Effective personalization based on association rule discovery from web usage data

TLDR

Personalization at the earliest site visit must rely on clickstream logs, but the absence of explicit ratings and the sparse, voluminous data make standard collaborative filtering difficult, and while usage‑mining clustering can scale, it often sacrifices accuracy. The authors propose effective and scalable techniques for Web personalization based on association rule discovery from usage data. The approach uses association rule mining on clickstream logs to generate personalized recommendations. Experiments on real usage data demonstrate that the method improves recommendation effectiveness and outperforms k‑nearest‑neighbor collaborative filtering in computational efficiency.

Abstract

To engage visitors to a Web site at a very early stage (i.e., before registration or authentication), personalization tools must rely primarily on clickstream data captured in Web server logs. The lack of explicit user ratings as well as the sparse nature and the large volume of data in such a setting poses serious challenges to standard collaborative filtering techniques in terms of scalability and performance.

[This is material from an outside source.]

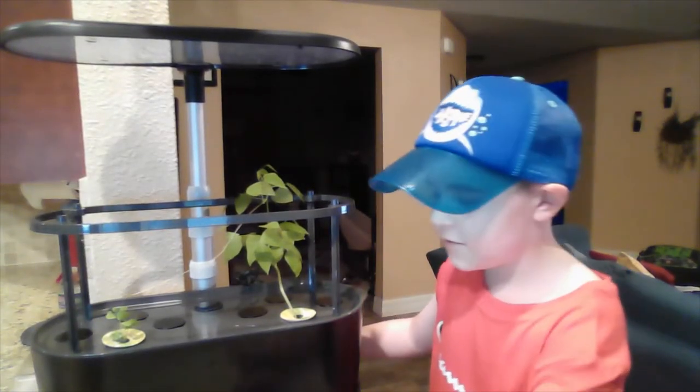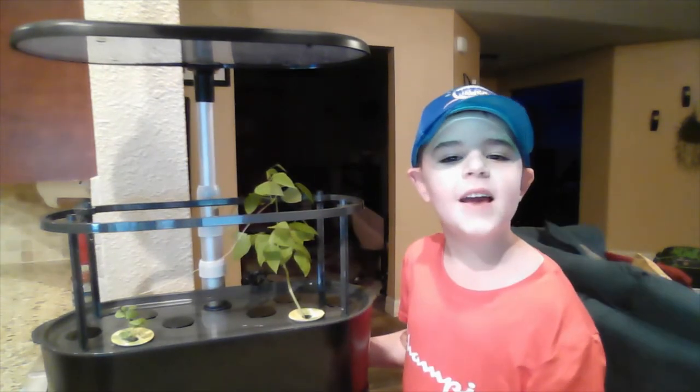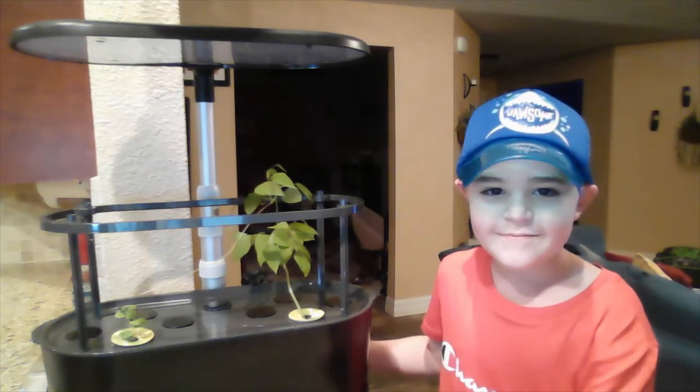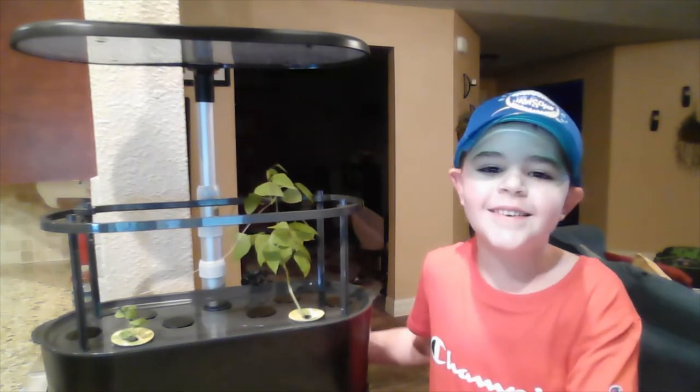Hey, it looks like we need to add some plant food. Hey, Dad, we're going to add 12 milliliters. Awesome.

Web usage mining techniques such as clustering that rely on offline pattern discovery from user transactions can be used to improve the scalability of collaborative filtering, however, this is often at the cost of reduced recommendation accuracy. In this paper we propose effective and scalable techniques for Web personalization based on association rule discovery from usage data. Through detailed experimental evaluation on real usage data, we show that the proposed methodology can achieve better recommendation effectiveness, while maintaining a computational advantage over direct approaches to collaborative filtering such as the k-nearest-neighbor strategy.